Broadsheet: “History of Sea Creatures,” 1753

Unknown Artist | from Multimedia Library Collection:
Art & Graphics

Broadsheet from woodcut: “History of Sea Creatures: Crocodile,” 1753. (Unknown artist. All rights reserved. Courtesy of the Bavarian State Library.)

This illustration of a natural scientific paper from 1753 shows a full-grown crocodile and a hatching baby as well as a lizard, reportedly the crocodile’s main food. The adult animal is supposed to be an American crocodile in his natural size and around one year old, and, important to know, “it is only bent due to the lack of space.” In 1753 the crocodile was known under the following names: “κροχόδῑλος (Crocodilos) Graecis, Champsan Egyptiis, Kimsak Turcis, Iakaro Brasiliensibus, Kayman Orient et Occidentalibus.”

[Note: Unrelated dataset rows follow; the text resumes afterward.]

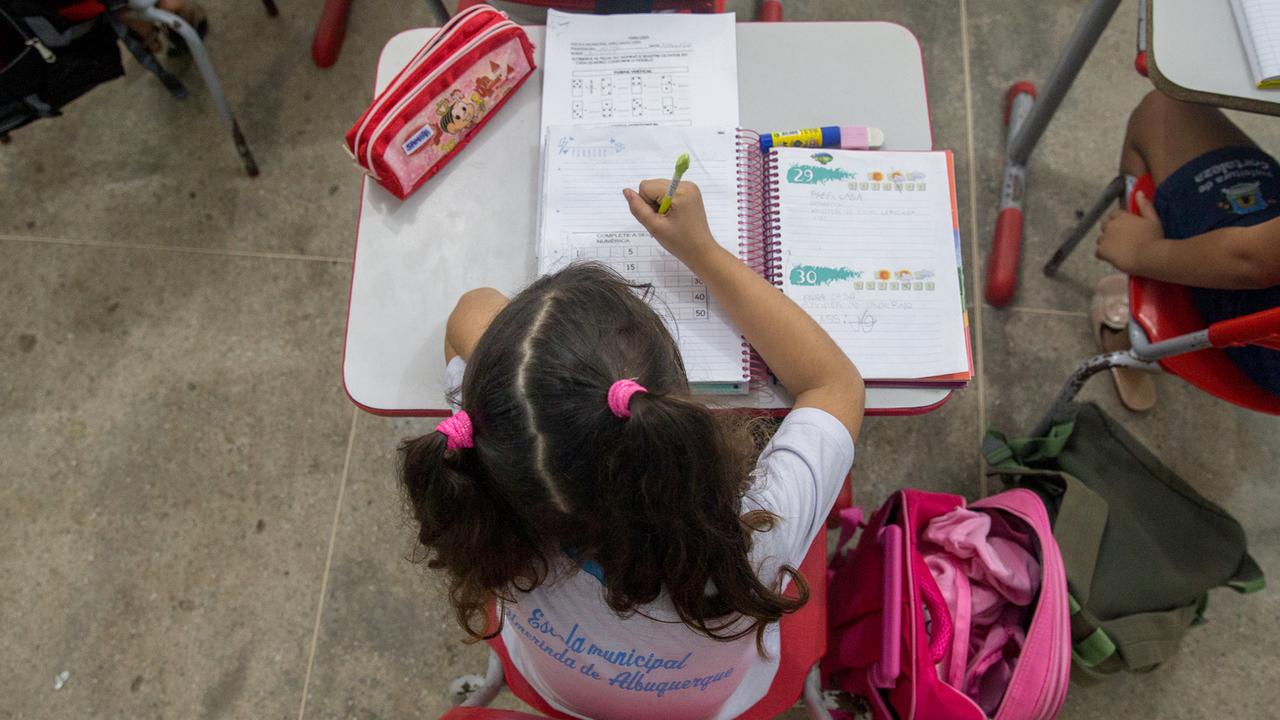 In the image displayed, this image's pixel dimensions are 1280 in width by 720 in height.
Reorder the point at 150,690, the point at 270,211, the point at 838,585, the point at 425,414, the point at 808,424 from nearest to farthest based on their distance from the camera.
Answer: the point at 808,424 < the point at 425,414 < the point at 838,585 < the point at 150,690 < the point at 270,211

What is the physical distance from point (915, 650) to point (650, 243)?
1.80 feet

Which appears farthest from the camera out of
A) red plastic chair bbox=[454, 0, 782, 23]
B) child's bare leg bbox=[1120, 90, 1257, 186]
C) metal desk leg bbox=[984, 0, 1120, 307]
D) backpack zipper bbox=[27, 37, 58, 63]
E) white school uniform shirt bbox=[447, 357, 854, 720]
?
metal desk leg bbox=[984, 0, 1120, 307]

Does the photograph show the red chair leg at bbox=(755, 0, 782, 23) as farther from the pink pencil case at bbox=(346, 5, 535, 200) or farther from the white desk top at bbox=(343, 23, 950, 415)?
the pink pencil case at bbox=(346, 5, 535, 200)

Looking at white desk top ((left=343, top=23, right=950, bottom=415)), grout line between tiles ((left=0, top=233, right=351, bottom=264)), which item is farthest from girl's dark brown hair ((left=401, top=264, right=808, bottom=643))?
grout line between tiles ((left=0, top=233, right=351, bottom=264))

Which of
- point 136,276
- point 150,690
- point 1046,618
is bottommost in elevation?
point 150,690

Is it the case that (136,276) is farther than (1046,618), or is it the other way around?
(136,276)

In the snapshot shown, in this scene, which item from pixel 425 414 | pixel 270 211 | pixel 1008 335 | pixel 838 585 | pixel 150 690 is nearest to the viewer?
pixel 425 414

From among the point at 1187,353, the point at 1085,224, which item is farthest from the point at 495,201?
the point at 1085,224

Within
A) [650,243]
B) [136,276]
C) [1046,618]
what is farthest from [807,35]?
[136,276]

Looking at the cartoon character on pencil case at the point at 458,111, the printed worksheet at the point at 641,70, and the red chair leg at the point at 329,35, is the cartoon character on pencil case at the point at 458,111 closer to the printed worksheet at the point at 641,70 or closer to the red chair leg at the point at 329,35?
the printed worksheet at the point at 641,70

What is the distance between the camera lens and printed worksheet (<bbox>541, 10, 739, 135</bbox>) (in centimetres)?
93

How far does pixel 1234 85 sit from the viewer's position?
2.97 feet

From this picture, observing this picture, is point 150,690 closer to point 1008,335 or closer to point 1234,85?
point 1008,335

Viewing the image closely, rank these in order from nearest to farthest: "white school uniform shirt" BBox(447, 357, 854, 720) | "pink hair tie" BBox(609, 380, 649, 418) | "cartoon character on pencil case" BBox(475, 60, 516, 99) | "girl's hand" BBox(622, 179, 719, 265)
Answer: "pink hair tie" BBox(609, 380, 649, 418) < "white school uniform shirt" BBox(447, 357, 854, 720) < "girl's hand" BBox(622, 179, 719, 265) < "cartoon character on pencil case" BBox(475, 60, 516, 99)
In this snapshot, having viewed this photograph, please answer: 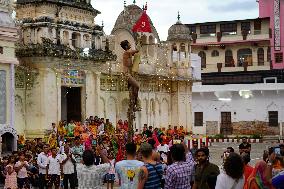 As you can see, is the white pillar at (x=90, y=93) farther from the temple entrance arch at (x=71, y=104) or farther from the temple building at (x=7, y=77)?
the temple building at (x=7, y=77)

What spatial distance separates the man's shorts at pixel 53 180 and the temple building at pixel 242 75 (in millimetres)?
27730

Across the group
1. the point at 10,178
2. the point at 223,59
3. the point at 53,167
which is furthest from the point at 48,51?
the point at 223,59

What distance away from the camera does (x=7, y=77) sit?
21094mm

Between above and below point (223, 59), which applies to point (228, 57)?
above

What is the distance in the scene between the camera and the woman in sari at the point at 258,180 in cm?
738

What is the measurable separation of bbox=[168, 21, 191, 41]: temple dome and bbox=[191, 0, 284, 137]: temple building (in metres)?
7.39

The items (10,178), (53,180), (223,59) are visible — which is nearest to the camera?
(10,178)

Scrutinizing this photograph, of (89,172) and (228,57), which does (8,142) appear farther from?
(228,57)

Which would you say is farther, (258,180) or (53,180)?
(53,180)

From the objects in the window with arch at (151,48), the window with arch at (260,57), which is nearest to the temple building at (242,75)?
the window with arch at (260,57)

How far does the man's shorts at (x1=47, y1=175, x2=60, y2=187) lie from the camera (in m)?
16.1

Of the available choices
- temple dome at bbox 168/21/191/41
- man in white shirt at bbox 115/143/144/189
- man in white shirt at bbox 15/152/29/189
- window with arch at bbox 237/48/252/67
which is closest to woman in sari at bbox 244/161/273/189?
man in white shirt at bbox 115/143/144/189

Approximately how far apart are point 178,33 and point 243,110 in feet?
31.6

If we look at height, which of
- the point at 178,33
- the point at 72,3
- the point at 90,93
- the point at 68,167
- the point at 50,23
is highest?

Oddly, the paper is part of a broader “Historia Animantium Marinorum” (History of Sea Creatures) although it is mentioned right in the beginning (explanatory notes) that “the crocodile lives in the currents of Nile, Niger, Ganges and in those of Guinea and America, because they love to come ashore where they lay eggs and bury them in the sand, where they are hatched by the sunbeams.” The explanation for including the crocodile into a history of sea creatures is given hereafter: “But they also go into the sea, one got lost in the year 1739 and appeared on the coast of England.” We also receive the information that “they lay 20 to 30 eggs that are speckled white and black and have the size of geese eggs” and that their scales are “yellowish to dark saffron and mixed with light brown” and “so hard they can neither be pierced nor shot through”. Call number: Einbl. Res/Slg.Faust 7.